The bill extends current government funding levels and would punt negotiations over a number of hot-button issues until Dec. 11 – a month after the election. The legislation saw some last-minute changes with billions for farmers and pandemic food assistance programs for families, additions that allowed the bill to pass with bipartisan support in a 359-57 vote, with a majority of Republicans voting with Democrats. One lawmaker, Rep. Alexandria Ocasio-Cortez, D-N.Y., voted present.

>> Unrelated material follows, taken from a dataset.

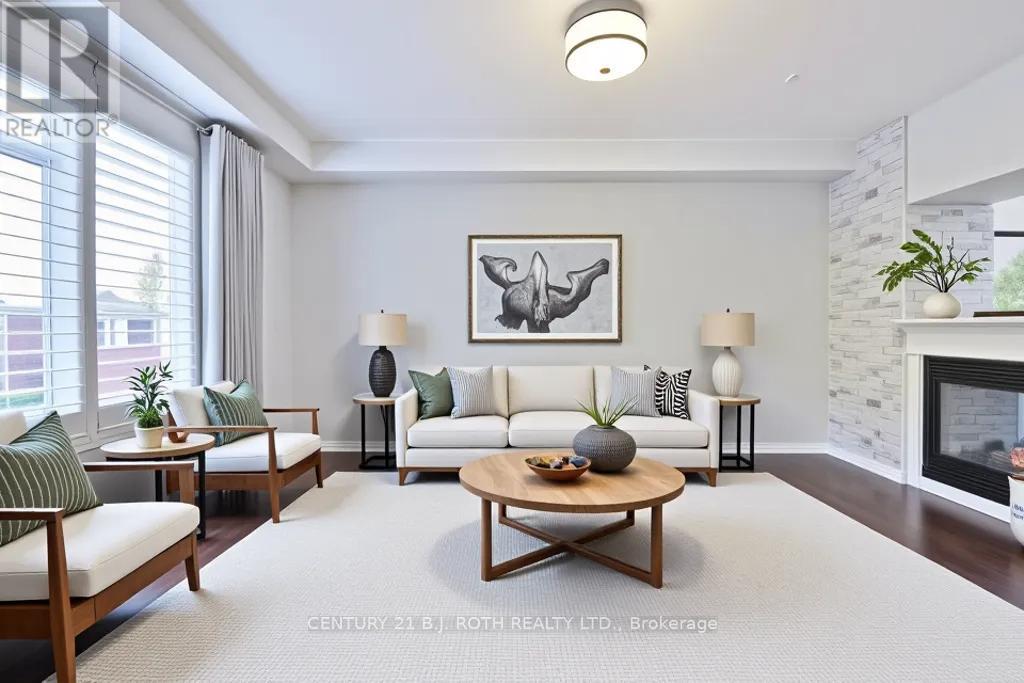 63 The Queensway, Barrie, Ontario  L4M 7J3 - Photo 19 - S12453495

It will now go to the Senate for approval, then, if approved, will head to the White House for President Donald Trump’s signature.
House Speaker Nancy Pelosi announced a deal on the proposal just before the vote, highlighting funds for food assistance programs that Democrats had sought.
“We have reached an agreement with Republicans on the CR to add nearly $8 billion in desperately needed nutrition assistance for hungry schoolchildren and families,” she said. “We also increase accountability in the Commodity Credit Corporation, preventing funds for farmers from being misused for a Big Oil bailout.”
The legislation, released on Monday, saw a hiccup after Republicans blasted the bill over the exclusion of aid for farmers, a top priority for the GOP and President Donald Trump.
Republicans had been pushing for billions in assistance as part of a farm bailout program and in return, Democrats hoped for money in food assistance in the bill. But both items were not included when the spending bill was released, leaving the chances of the legislation passing up in the air and raising fears that the government could shutdown next week.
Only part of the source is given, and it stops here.